3. Platz: Holger Hesse, Stadtentwässerung Arnsberg
Projekt: Optimierung der Abflussleistung sowie Reduzierung von Reinigungsarbeiten eines Sonderbauwerkes am Beispiel „Düker Jägerbrücke“ in Arnsberg
Die Jury zeichnet Holger Hesse aus für eine besonders wirksame Problemlösung, die durch Kombination von Techniken aus unterschiedlichen Fachbereichen entstanden ist und mit geringem Aufwand realisiert werden konnte.Zum Hintergrund: Die Aufgabe des Sonderbauwerks „Düker Jägerbrücke“ besteht darin, Abwasser aus dem Stadtteil „Alt Arnsberg“ über einen Düker samt Sonderbauwerk unterhalb des Gewässers „Ruhr“ zu dem sich anschließenden Freigefälle zu befördern. Im Bauwerkszulauf kam es vor der Arbeit des Preisträgers sehr schnell zu starken Verschmutzungen durch Absetzung von Feststoffen und Fetten. Diese Verschmutzungen haben sich bis zum Dükerabfluss schichtweise aufgebaut und so die Leistungsfähigkeit des Dükers reduziert. In der Folge wurden in kurzen Abständen aufwändige und aufgrund der Bauwerkstiefe von 7 Meter gefährliche Reinigungsarbeiten notwendig. Zusätzlich erhöhte sich hierdurch das Risiko der Einleitung von Abwasser über einen Notüberlauf in die Ruhr.
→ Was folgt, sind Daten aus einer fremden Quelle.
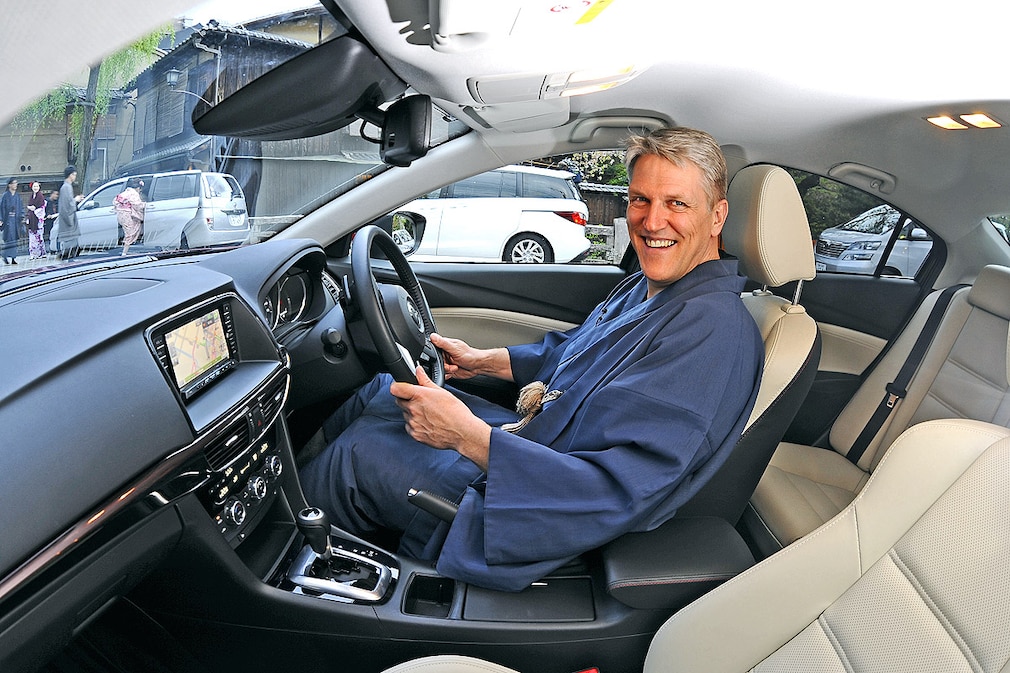 Auto Bild Leser Michael Birkner in seinem Mazda6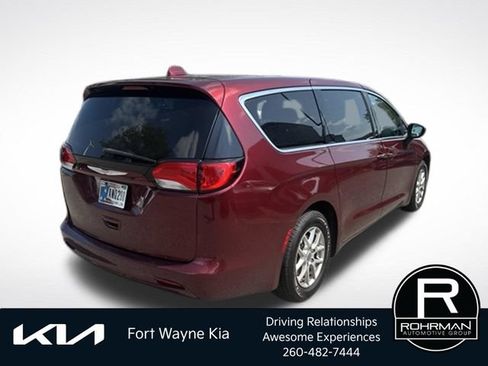 Used 2017 Chrysler Pacifica Touring FWD image 5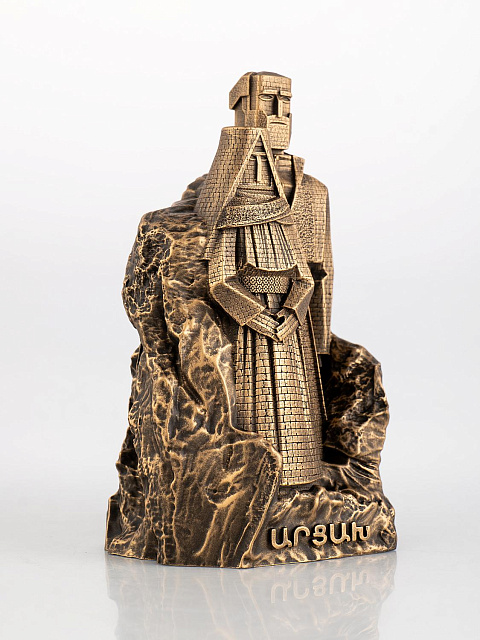 Արձանիկ Մենք ենք, մեր սարերը (Արցախ ամբողջ հասակով)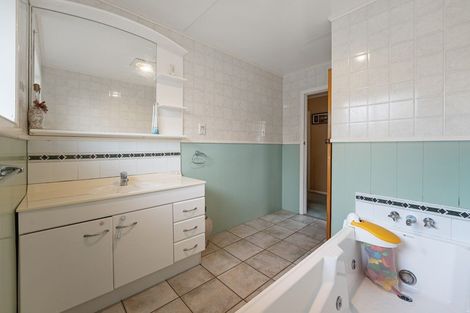 Photo of property in 5 Portia Street, Stratford, 4332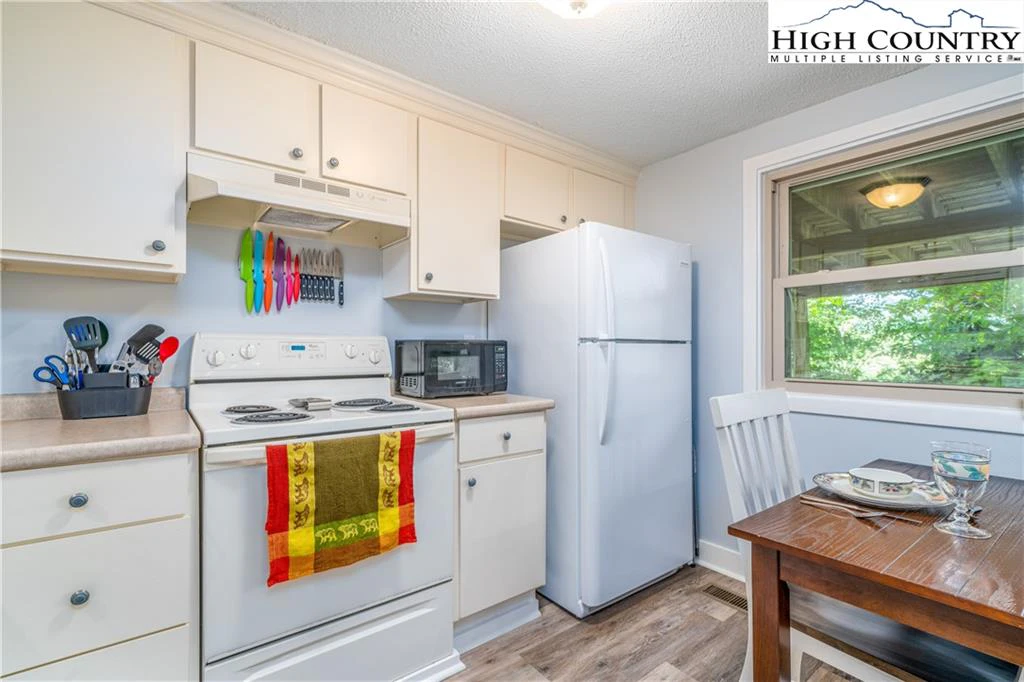 Image number 16 for the current listing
Die unkomplizierte technische Lösung des Preisträgers besteht darin, dem Abwasser des Sonderbauwerks kontinuierlich Luft zuzuführen, so dass über die gesamte Bauwerkshöhe von mehr als 7 Meter eine Durchmischung und Belüftung des Abwassers sichergestellt ist. Der Lufteintrag erfolgt durch einen Kompressor über eine 1/2-Zoll Kupfer-Leitung, in die 1 Millimeter große Öffnungen in Abständen von etwa 10 Zentimeter eingebracht wurden. Durch die Lufteinperlung wird die Absetzung der Abwasserinhaltsstoffe verhindert und die Leistungsfähigkeit des Sonderbauwerks bleibt erhalten.
Durch das erfolgreich umgesetzte Projekt konnte der Reinigungszyklus für das Bauwerk von 3 bis 4 Wochen auf 6 Monate reduziert werden; die entsprechenden Kosten wurden um etwa 75 Prozent verringert. Das neue Intervall ist ebenso in Hinblick auf die Betriebssicherheit von Vorteil und der Lufteintrag reduziert zusätzlich die Entstehung von Gerüchen. Darüber hinaus wird die Abflussleistung des Dükers deutlich erhöht und die Gefahr der Einleitung des Abwassers über den Notüberlauf in die Ruhr verringert.
Herrn Hesse ist es gelungen – durch kluge Kombination von Techniken aus unterschiedlichen Fachbereichen – für ein vorhandenes Problem eine technische Lösung zu schaffen, die mit geringem Aufwand umsetzbar ist. Da die geschaffene Lösung Vorteile bietet in Bezug auf Arbeitssicherheit, Umwelt, Bürgerfreundlichkeit und Wirtschaftlichkeit und von anderen Kommunen ggf. übertragen werden kann, ist für die Jury die Bewerbung von Herrn Hesse preiswürdig. Nach dem Motto: „Die einfachsten Lösungen sind häufig die besten“.